The Penn State board of trustees will meet later this week in an executive session to discuss closing some of the university’s commonwealth campuses, according to information posted on the board’s website.
The board will meet in an executive session at 8 a.m. Thursday, May 15 to discuss President Neeli Bendapudi’s recommendation on which campuses should close. More information regarding the timing of a public meeting is expected to be shared after Thursday’s executive session meeting.
A public meeting was originally scheduled for Thursday but was changed to an executive session to give board members more time to review the recommendation, according to university spokesman Wyatt DuBois. Because of a production error, an incorrect legal notice announcing the public meeting was published in Sunday’s CDT.
During the regularly scheduled trustees meetings last week, board Chair David Kleppinger said the board met in executive session Thursday to discuss Bendapudi’s “recommendation on the future configuration of our commonwealth campuses.” They discussed a number of items, Kleppinger said, including potential impacts on personnel and how to mitigate them, how to address collective bargaining issues, the impact of potential closures on the sale or lease of property, legal implications, and academic admission and standing.
Bendapudi announced in February that 12 of the university’s 19 commonwealth campuses are under consideration for closure: Beaver, DuBois, Fayette, Greater Allegheny, Hazleton, Mont Alto, New Kensington, Schuylkill, Shenango, Scranton, Wilkes-Barre and York. She charged Margo DelliCarpini, vice president for commonwealth campuses and executive chancellor, Tracy Langkilde, interim executive vice president and provost, and Michael Wade Smith, senior vice president and chief of staff, to co-lead a group that will give her a final recommendation of which campuses should close.
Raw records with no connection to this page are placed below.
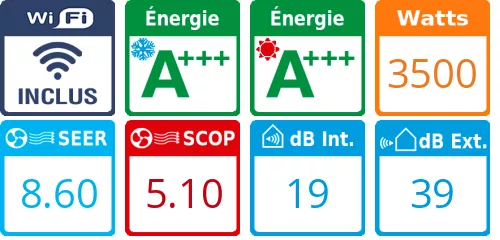 Caracteristiques Pack Climatiseur à faire poser Toshiba Shorai Edge 13 + RAS-13J2AVSG-E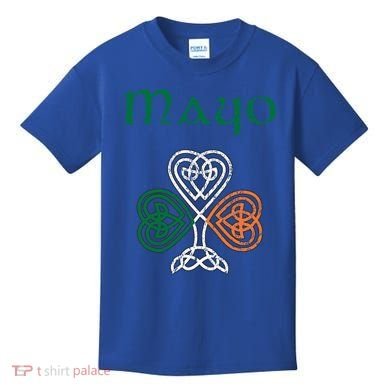 County Mayo Shamrock Ireland Flag Craic And Ceol Gift Kids T-Shirt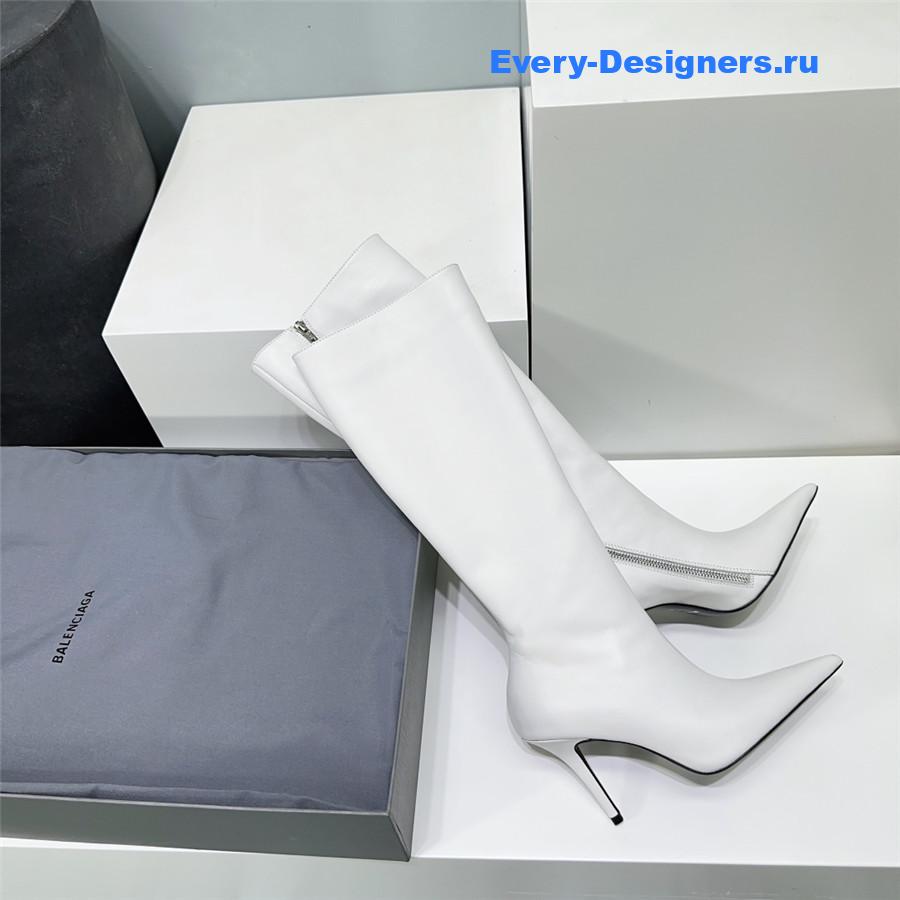 Ba1en*iaga white zipper pointed toe long boots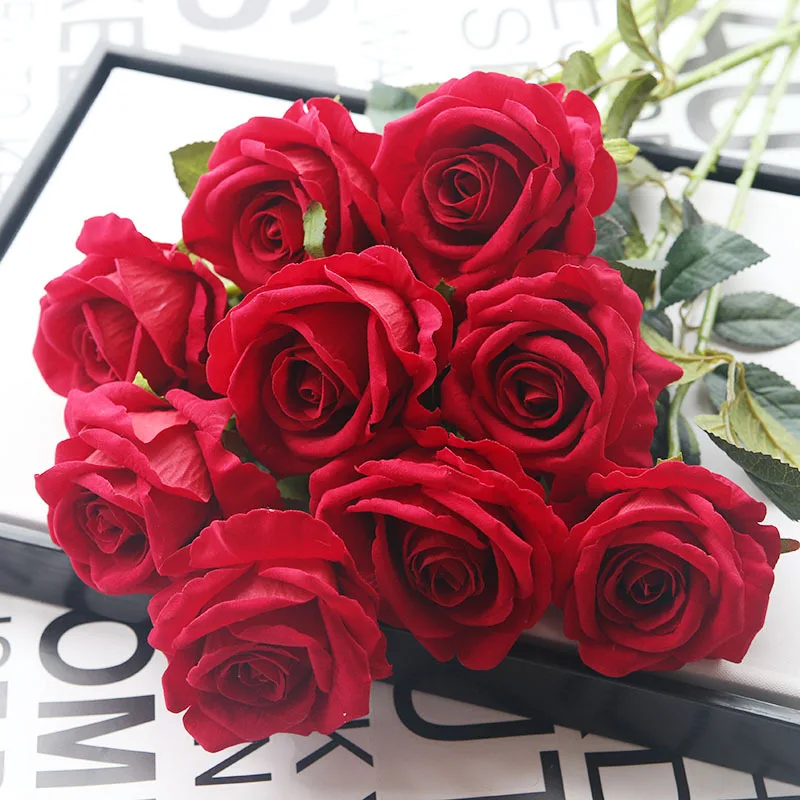 Искусственные розы цветы свадебные букеты искусственные фланелевые украшение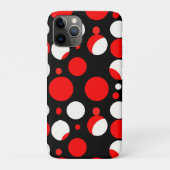 Rood zwart en witte cirkels patroon Case-Mate iPhone case (Achterkant)
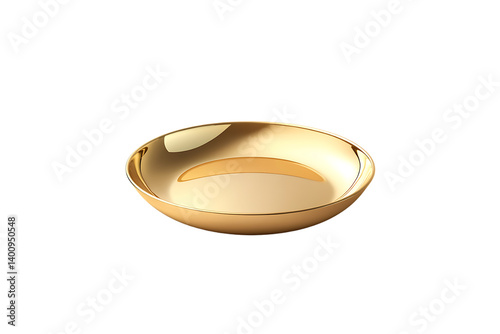 Elegant golden shiny plate with smooth surface for luxury dining and table decor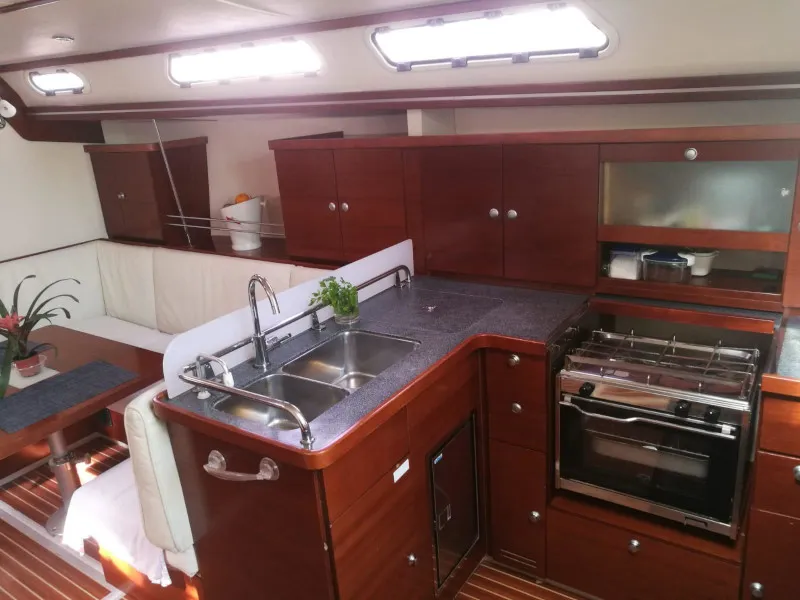 Galley of Sensei, a Hanse 400e sailboat at Puntone di Scarlino, Italy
Citing multiple sources close to the board of trustees, the Philadelphia Inquirer reported Monday that seven campuses are proposed for closure: Dubois, Fayette, Mont Alto, New Kensington, Shenango, Wilkes-Barre and York.
Factors taken into consideration include enrollment, Penn State’s evolving land-grant mission, population shifts, student experience and success, and the higher education landscape in Pennsylvania. Bendapudi previously said their recommendation should include “a continued presence for Penn State in the Northeast and the Pittsburgh regions of the commonwealth.”
No campuses would close before the end of the 2026-27 academic year, Bendapudi previously said, and Penn State will continue to extend offers and admit new students for Fall 2025 at commonwealth campuses.
Since the announcement that some campuses would close, faculty members said employee morale hit a new low, and this past semester was riddled with stress and uncertainty as they waited to hear which campuses would close.
The Penn State faculty senate passed a positional report opposing the closure of commonwealth campuses and asked the university administration to pause the decision until an impact assessment can be conducted. The Penn State chapter of the American Association of University Professors also urged the university’s administration to keep all of the commonwealth campuses open and fully funded.